Oups, pardon, je n'ai pas fait exprès. T'as une tache sur le nez, maintenant. Attends, j'te l'enlève. T'es nerveux, ouh-là. T'es une boule d'adrénaline ou quoi. C'est un manque de magnésium. Tu manges pas équilibré. (Normal au pays du cholestérol.) De quoi as-tu peur? Je n'ai pas fait le trajet depuis Atlanta pour te tuer tout de suite. J'ai envie de parler. Que tu le veuilles ou non, t'es un bout de mon enfance.
Je vais te dire un secret: on a failli échouer. Tu sais que tes copains nous ont pas mal ennuyés, vers Monroe? Jamais je n'aurais cru ça de leur part. On parle d'enlisement. Faut dire que l'on est très pincettes et compagnie et que ça nous coûte gros.

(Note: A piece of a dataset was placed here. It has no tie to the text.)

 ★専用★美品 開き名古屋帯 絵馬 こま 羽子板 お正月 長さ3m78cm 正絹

On aurait pu se contenter de bombarder comme des malades, puis débarquer et nettoyer les dernières poches de résistance, mais non, on fait attention à la populace, nous autres. Pas de charnier, pas de pertes civiles, un rapport en trois exemplaires à chaque balle perdue. Le sergent Ducasse y est très sensible. Pas la peine de fureter, il est pas là, le Ducasse, il est resté en arrière sur la poche de Columbia, il déprime un peu à cause de Wagner qui n'a pas été un gentil garçon. Hein Wagner? Cela dit, on l'aime bien, le Ducasse, pas vrai les gars? Ducasse est notre ange gardien. Il nous évite nombre de vilaines bêtises qui nous donneraient du remords.

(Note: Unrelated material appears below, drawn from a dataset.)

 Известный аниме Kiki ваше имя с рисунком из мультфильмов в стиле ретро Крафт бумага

Tu sais ce qu'on raconte? Jean-Ramsès – tu te rappelles de Jean-Ramsès? -, Jean-Ramsès est aux commandes de la guerre, il va demander la mise sous tutelle de ton pays par l'ONU pour achever le processus de dédollarisation. J'sais pas ce que t'en penses, mais dans ma section on est pas trop chaud. Hein, les gars? Oh bien sûr, on voudrait rentrer au pays, encore que j'vois pas ce que j'aurais à y faire, mais à ce rythme on est parti pour perdre la guerre. Eh oui, mon pote, faut qu'on fasse vite. Ce que le soldat ne fait pas, le politique ne le fera pas à sa place. Le politique c'est la fosse du compromis nauséabond, disait le général de Gaulle. Un grand homme, oputain, qui nous rajeunit pas.

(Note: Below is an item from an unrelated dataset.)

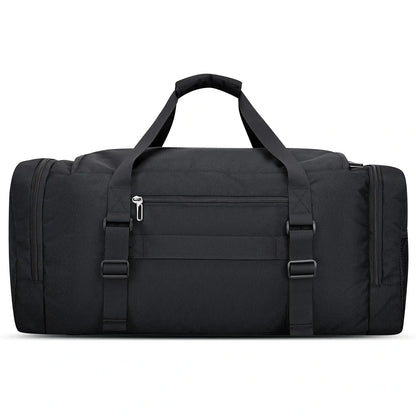 WITZMAN 54L black travel duffel bag for men with shoe compartment and wet-dry pocket back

J'ai beaucoup parlé de toi à mes camarades. Ils avaient tous envie de te connaître. Fallait te trouver: pas évident. Heureusement, il y avait cette étiquette de vin avec ton code postal, et puis un type de Charlotte qu'on a chope par hasard en Géorgie. Bingo: on est là. Certains, comme Mus-son, voulaient principalement te buter. «Un mec comme lui n'a pas le droit de vivre», disaient-ils. Pas vrai, Musson? Pas la peine de rougir. Tu vois, ils te considèrent un peu comme un traître. Toi, un Français, parti vivre au pays du dollar, pourquoi? Comment es-tu tombé si bas? Ils ne comprennent pas. Je leur explique. Car je te connais depuis longtemps. Ce n'est pas qu'il a un mauvais cœur ni qu'il veut boire le sang des enfants du tiers monde, je leur dis, c'est qu'il a une idéologie dans la tête. En un sens c'est encore pire, car Dieu sait ce qu'on est capable de faire par idéologie. On écoute Elvis ou une autre soupe de chez toi et l'on ferme les yeux sur les problèmes de la société.
T'écoutes quoi comme musique? Musson, montre voir ce qu'il a sur ses étagères. Dalida, Brassens, Renaud, c'est pas mal, mon pote, très français. T'as la nostalgie du pays, on dirait ? Aime-moi de notre ami Julien Clerc. Pas son meilleur album. Tu devrais essayer Sans entracte. Dis-moi, dis-moi, dis-moi, tu connais Plastic Bertrand? Bon point pour toi. Pas grand monde qui connaît. Tu connais Plastic Bertrand, Musson? T'étais pas né, d'accord, mais t'aurais pu te renseigner. Ça plane pour moi, ah ih oh uh… Allez hop! ma nana, S'est tirée, s'est barrée, Enfin c'est marre, a tout cassé, C'est prémonitoire tu vois, La la la la, Le pied dans le plat… Ça déchire.
Alors figure-toi que Plastic Bertrand ne chantait pas ses chansons lui-même. No-no-non, mon groin. No-no-non, mon câlin. Il ne savait pas chanter. C'était son producteur, un type laid, pas photogénial, qui chantait en arrière-plan, sur une bande préenregistrée. Le producteur a fait un casting, et c'est ce type, Plastic Bertrand, qui a gagné grâce à son look néo-punk. Il est monté sur scène, le producteur a envoyé la bande avec sa propre voix5 il l'a un peu accélérée pour donner ce cachet disco, et l'autre s'est trémoussé en play-back comme une marionnette. Ils ont berné tout le monde! Moi, si j'étais Plastic Bertrand…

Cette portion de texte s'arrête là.